The findings, from a study in rats, offer insights into the "relentless inflammation" seen in CKD, which has "devastating effects on the cardiovascular system and other parts of the body," according to Nosratola Vaziri (University of California, Irvine, USA) in a press statement accompanying the study's publication.
Vaziri's team designed a study to test the hypothesis that impaired intestinal barrier function in uremia is due to disruption of the intestinal tight junction complex.
"Under normal conditions, the intestinal epithelial tight junction prevents paracellular penetration of bacteria and their toxic byproducts, digestive enzymes, and degraded food material," explain the researchers.
"However, in certain pathological conditions… the intestinal tight junction barrier is impaired allowing permeation of luminal antigens and proinflammatory products into the underlying intestinal tissue."
To investigate, the team induced CKD in Sprague-Dawley rats by one of two methods: surgery (partial nephrectomy) or feeding with an adenine-enriched diet. Rats that underwent sham surgery or ate a normal regular diet served as controls.
All rats were observed for 8 weeks. During this time, rats with CKD developed elevated levels of plasma urea and creatinine, reduced creatinine clearage, thickening of the colonic wall, and heavy infiltration of mononuclear leukocytes in the lamina propria.
Molecular analysis of the colonic epithelium revealed marked reductions in the expression of key tight junction transmembrane proteins (claudin-1, occludin, and zonula occludens-1) in both models of CKD as compared with controls.
This observation "elucidates the molecular mechanisms of the uremia-induced impairment of intestinal barrier function… and its contribution to the systemic inflammation and common occurrence of endotoxemia in advanced CKD," the authors remark.
By contrast, levels of messenger RNA of these three proteins was either unchanged or elevated, "pointing to the post-transcriptional/post-translational modification as a cause of the observed depletion of the tight junction proteins," say Vaziri et al.

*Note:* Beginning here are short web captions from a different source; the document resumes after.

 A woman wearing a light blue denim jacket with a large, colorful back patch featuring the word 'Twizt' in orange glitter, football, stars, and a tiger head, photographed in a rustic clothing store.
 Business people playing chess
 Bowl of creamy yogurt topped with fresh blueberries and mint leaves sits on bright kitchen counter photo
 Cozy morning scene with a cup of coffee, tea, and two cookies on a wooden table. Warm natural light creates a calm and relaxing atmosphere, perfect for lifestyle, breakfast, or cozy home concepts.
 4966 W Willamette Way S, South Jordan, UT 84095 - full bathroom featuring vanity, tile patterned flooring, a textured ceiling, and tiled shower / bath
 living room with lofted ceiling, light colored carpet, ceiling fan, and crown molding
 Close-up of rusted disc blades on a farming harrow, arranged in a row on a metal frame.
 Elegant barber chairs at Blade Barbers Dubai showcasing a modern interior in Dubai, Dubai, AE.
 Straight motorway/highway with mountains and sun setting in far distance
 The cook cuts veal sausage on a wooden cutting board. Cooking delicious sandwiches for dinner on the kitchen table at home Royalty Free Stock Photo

Writing in the journal Nephrology Dialysis Transplantation, the researchers conclude that uremia causes disintegration of the colonic tight junction apparatus, a phenomenon that contributes to the systemic inflammation and accounts for the previously demonstrated evidence of defective intestinal barrier function in humans and animals with advanced CKD.
"Further studies are planned to explore the effect of uremia in other segments of the gastrointestinal tract," they add.